It's secure, but not perfect
PGP alone ensures privacy, but how you use it may introduce additional vectors for attack, which may compromise security.
The problem lies in the fact most email readers render HTML and that HTML can be exploited. PGP doesn't prevent the SMTP subsystem from being exploited unless you can safely extract the PGP MIME data.
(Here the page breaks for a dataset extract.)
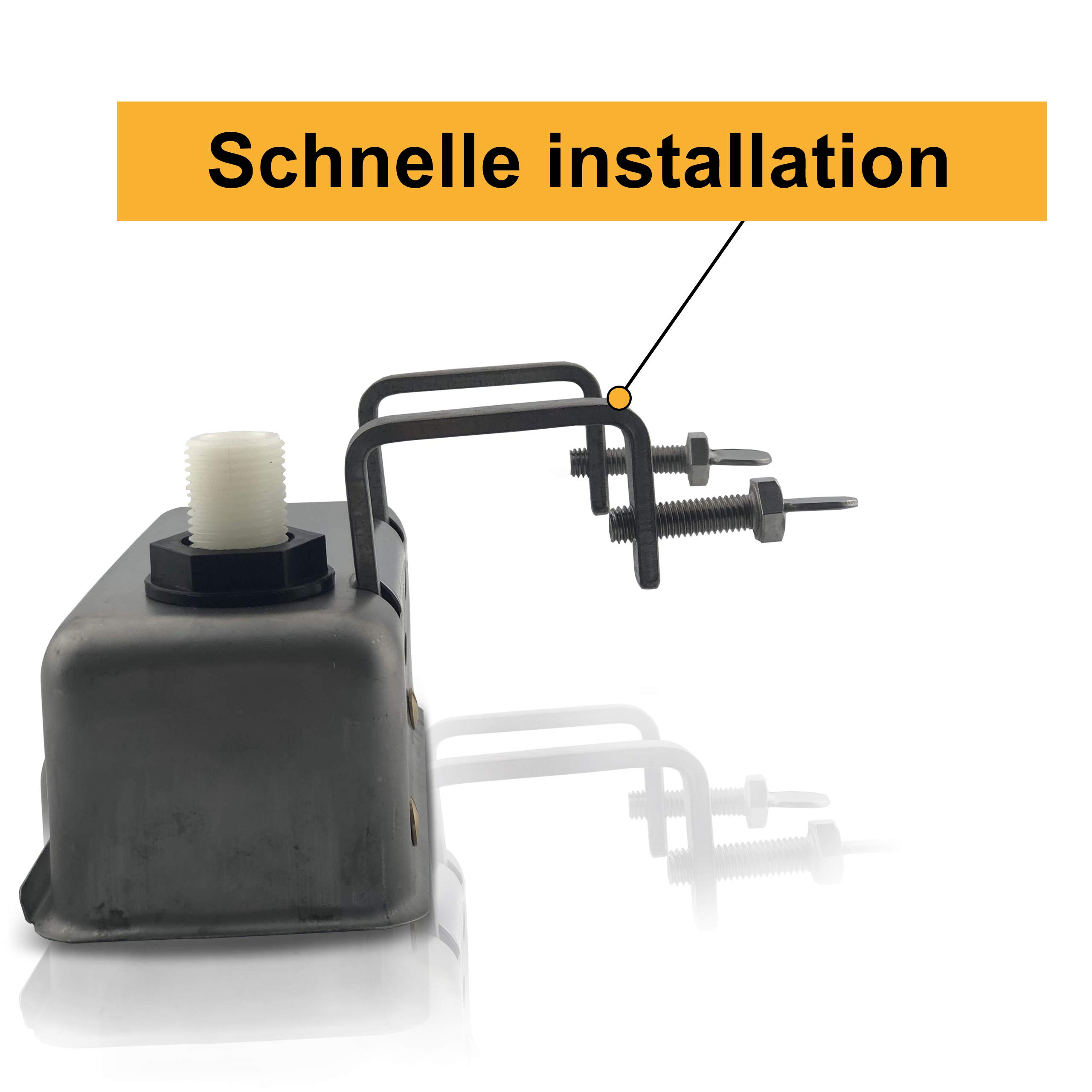 Einhänge-Schwimmerventil 1/2 Zoll mit Außengewinde/Schwimmer mit Edelstahlgehäuse mit Außengewinde für Tränke, Weidentränke, Viehtränke, Wassertank, Tränke für Tiere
Specifically, PGP messages as you describe are often not scanned for Viruses, Phishing, Malware, or other scams at the gateway. More often than not, the technology to protect the desktop user isn't as sophisticated, or out of date.
Since the SMTP body can have additional alt-text representations, and it's possible that the main text to be displayed may have an HTML exploit injected into the body. This can be done by any malicious relay, or hop in the middle.
To limit that exposure, I would recommend DKIM signing from a domain you control and forwarding that out a trusted MTA. Make sure the appropriate options are set (no -l
setting, and do sign the header, subject and body)
Although a VPN and TLS for SMTP would help protect your message, it is a point-to-point security mechanism where all trust starts and ends between two nodes of the communication. (your MTA and Microsoft's MTA).
An improved solution
Any of the following: PGP, S/MIME, GnuPG
DKIM sign the message, on a TLD domain you control.
Use antivirus and antispam countermeasures on the client, and make sure the client validates the DKIM blob before opening it.